April 9, 2013

Lawsuits rotting in the courts in South Dakota

We constantly hear about how there's a shortage of foreign unskilled workers that threatens to leave crops rotting in the fields if Big Ag doesn't get to employ more illegal aliens. Hence, solving the stoop laborer shortage through a larger guest worker program has been a high priority of the Gang of Eight in the Senate.
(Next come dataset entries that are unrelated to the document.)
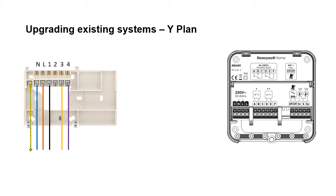When installing T6R on an existing wire plan installation, take a photograph of the existing wires on the industry standard backplate, because the wires that are in the relevant terminals on the old programmer backplate will need to be used and wired into the new T6R receiver.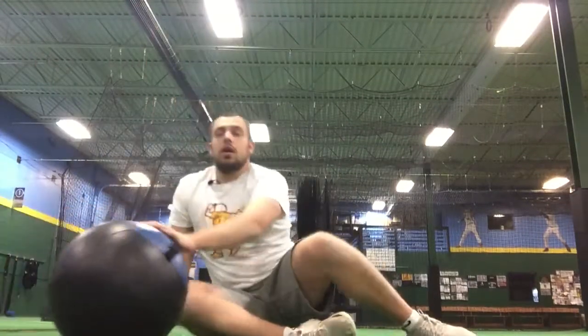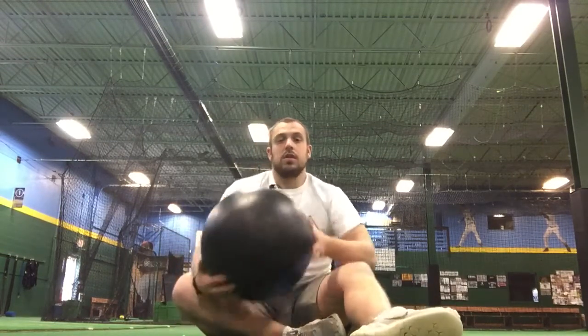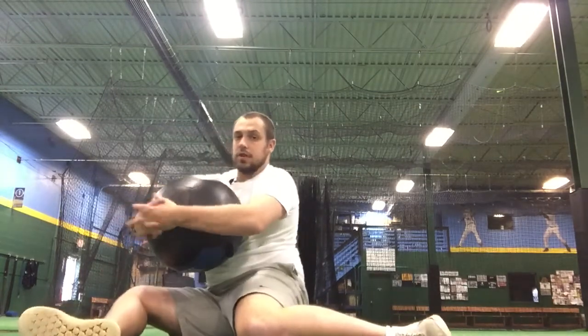This will be the 90-90 med ball squeeze hip rotation at max intensity. If we have a med ball or a basketball — anything that we can squeeze — we're gonna hold it just like this. We're gonna get into our 90-90 position and squeeze the med ball as hard as we can. Then we're gonna do a 90-90 hip rotation.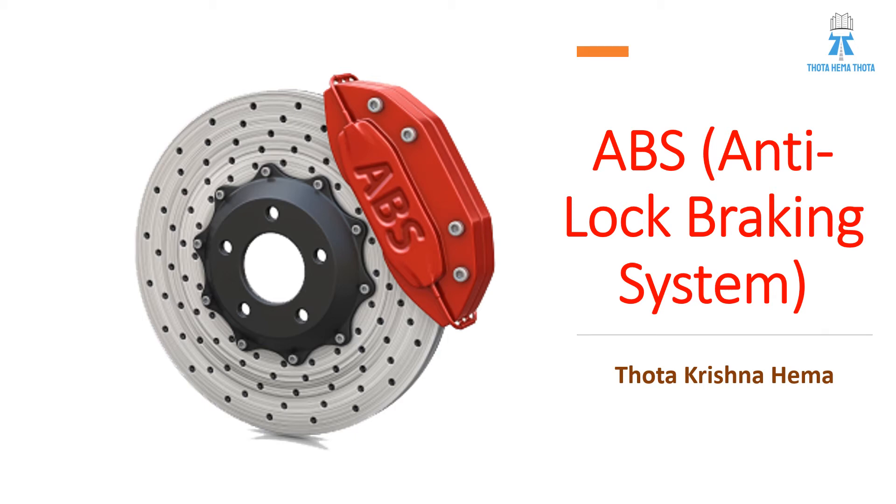Hey, hi, welcome back to the series of automotive sessions. I'm Tota Krishna Hema, your automotive expert.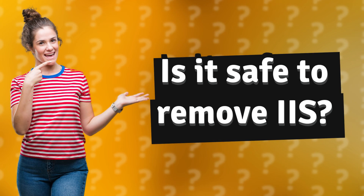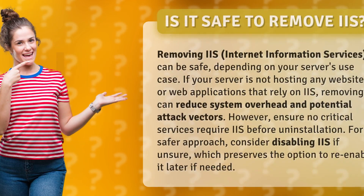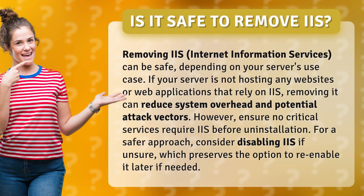Is it safe to remove IIS? Removing IIS can be safe, depending on your server's use case. If your server is not hosting any websites or web applications that rely on IIS, removing it can reduce system overhead and potential attack vectors.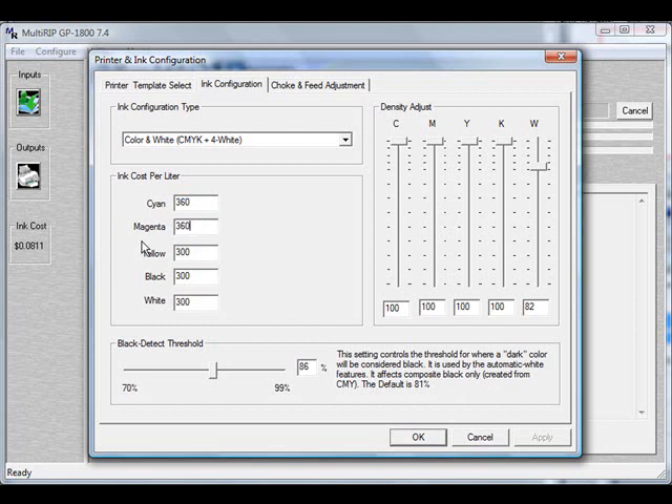If your white ink costs more, you can also have a different cost for each one of these. I'd also recommend including the cost for shipping. For white ink, I'd raise it up a little bit higher because most of your mistakes are going to happen when you're printing white ink. These numbers are inflated, and it's to help you with your budgeting process for when you price stuff out.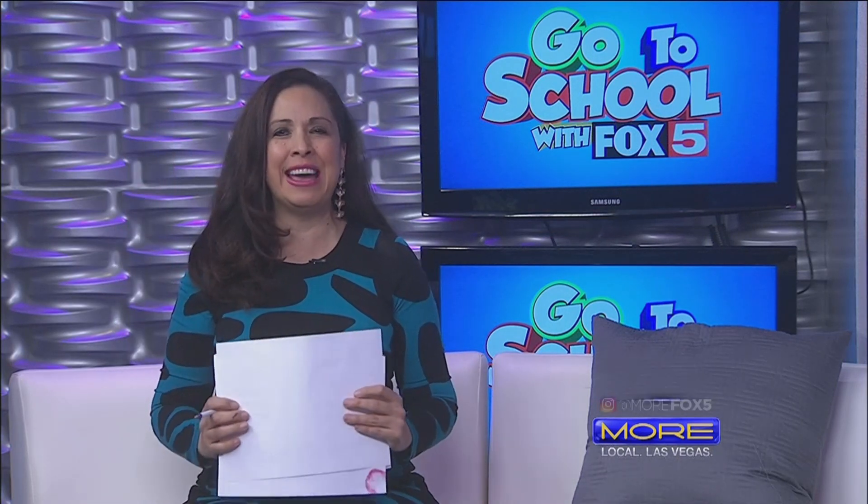It's time to go to school with Fox 5, and today we are getting creative as we get an art lesson. Joining us now is Buffalo Potato creator John Massey. Welcome, thanks for joining us. Thanks for having me on today.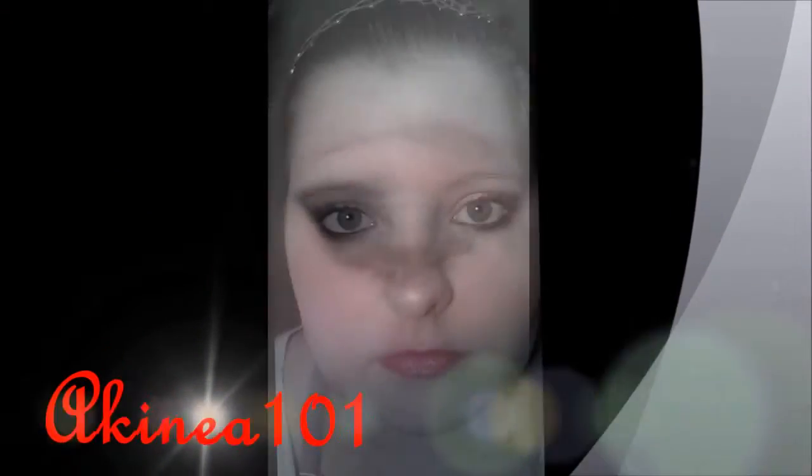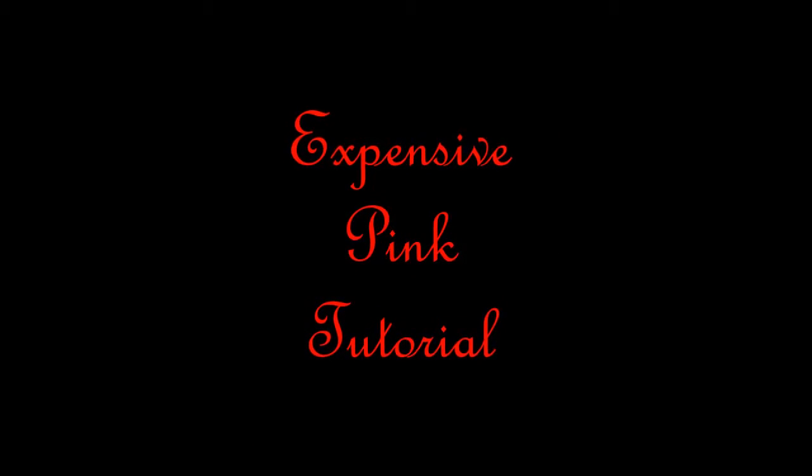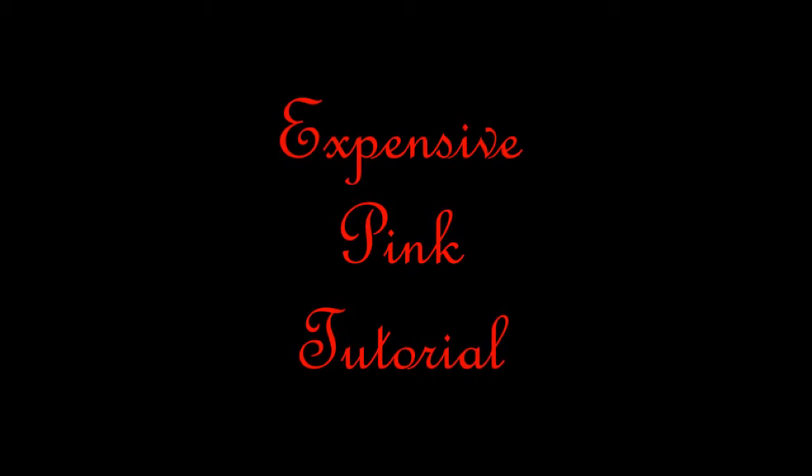Hey guys, I just filmed a tutorial for this look so if you like what you see and you'd like to know how to do it, keep watching. Hey guys, so the other day I posted a haul with a lot of Illamasqua and MAC products. So today I thought I would use the products from that haul and do a little bit of a tutorial for you. So yeah, let's get started.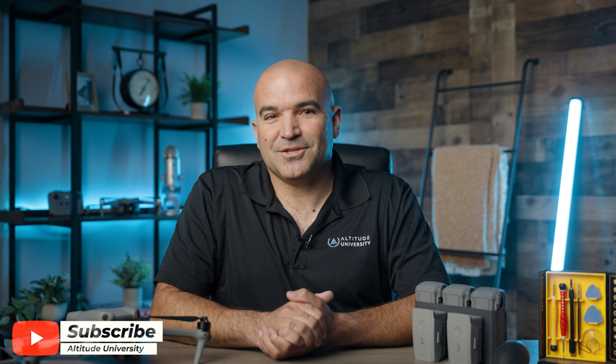That's it for this video. Thanks for watching. From all of us at Altitude University, stay safe out there and happy flying.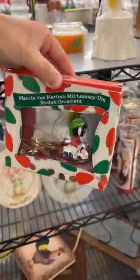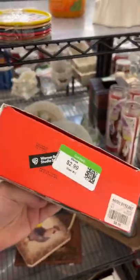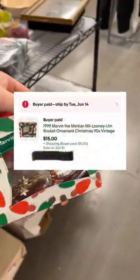Now this is an awesome retro piece — this is a Marvin the Martian Millennium 1999-2000 ornament. It was only $2.99, and it sold in just a couple of days for $15 plus shipping.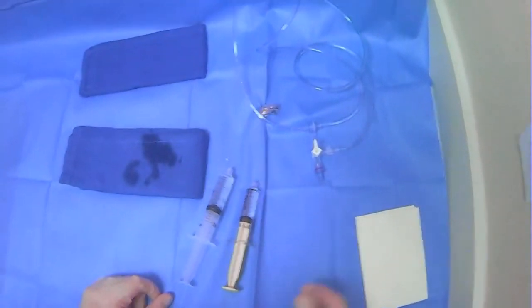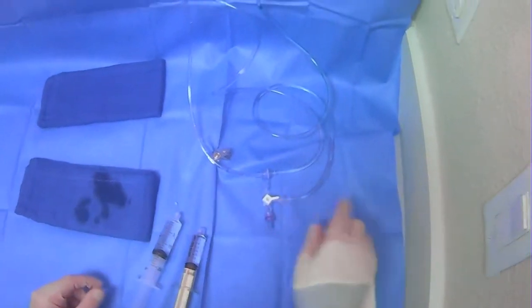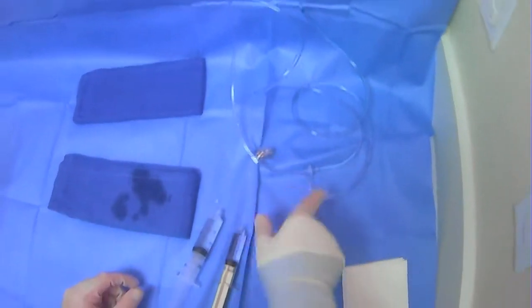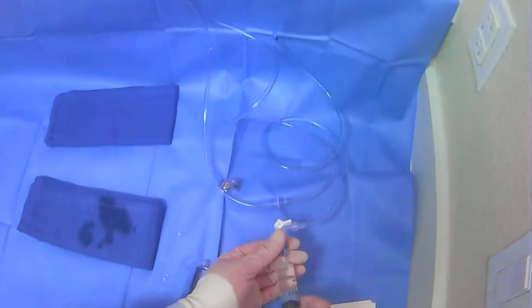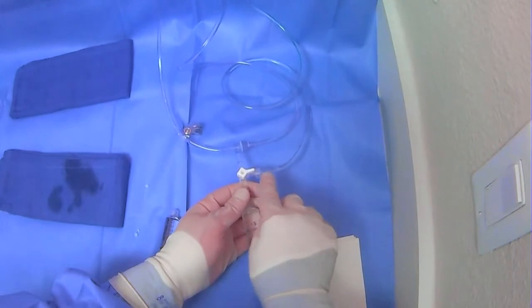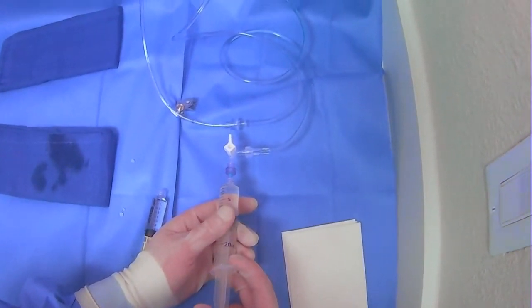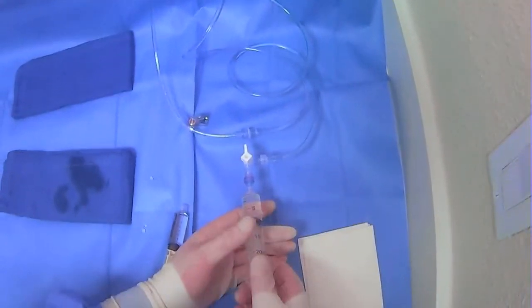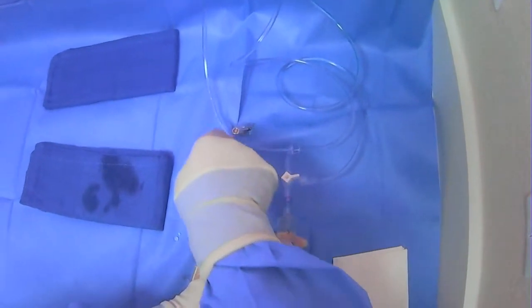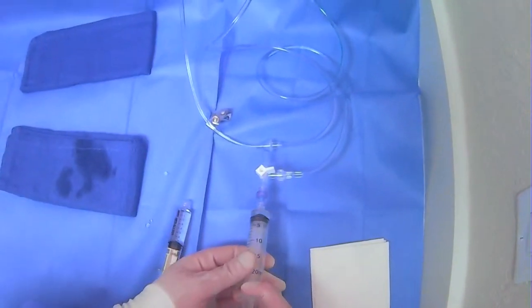You'll have multiple syringes of each kind and you'll want to fill them up at the beginning of the case. It's always good to close off the contrast port since you'll often be using saline and waste. If the stopcock is not closed to the contrast line and you flush, the saline will actually go back through that line and contaminate your contrast. So always make sure it's in the correct orientation — it's a one-way valve that routes fluid down to the waste bag.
For some reason, though, politicians are less enthusiastic about importing foreign lawyers to keep lawsuits from rotting in the courts. Instead, in South Dakota where lawyers are scarce in rural areas, politicians have come up with an incredibly brilliant theoretical breakthrough in how to deal with a shortage of workers: offer higher pay!
No Lawyer for 100 Country Miles, So One Rural State Offers Pay 
By ETHAN BRONNER 
MARTIN, S.D. — Rural Americans are increasingly without lawyers even as law school graduates are increasingly without jobs. Just 2 percent of small law practices are in rural areas, where nearly a fifth of the country lives, recent data show.... 
Last summer, the American Bar Association called on federal, state and local governments to stem the decline of lawyers in rural areas.
Last month, South Dakota became the first state to heed the call. It passed a law that offers lawyers an annual subsidy to live and work in rural areas ...
The new law, which will go into effect in June, requires a five-year commitment from the applicant and sets up a pilot program of up to 16 participants. They will receive an annual subsidy of $12,000, 90 percent of the cost of a year at the University of South Dakota Law School.

As we all know, the law of supply and demand does not apply to workers, but the Science of Economics will just have to make an exception to its exception in the case of lawyers.

37 comments:

Black Death said...

Amazing. One would think that these folks would consider themselves lucky NOT to have lawyers around. Perhaps a subsidy to lawyers to stay out of a particular area would be more appropriate.

stari_momak said...

Isn't it still the case that lawyers are somewhat protected even from competition fomr fellow Americans, in that they have to take the bar in each state in which they want to practice?

rightsaidfred said...

even as law school graduates are increasingly without jobs.

Connection?

Anonymous said...

"No Lawyer for 100 Country Miles"

That's like what, a two hour drive. Very inconvenient for the 200 people who live there.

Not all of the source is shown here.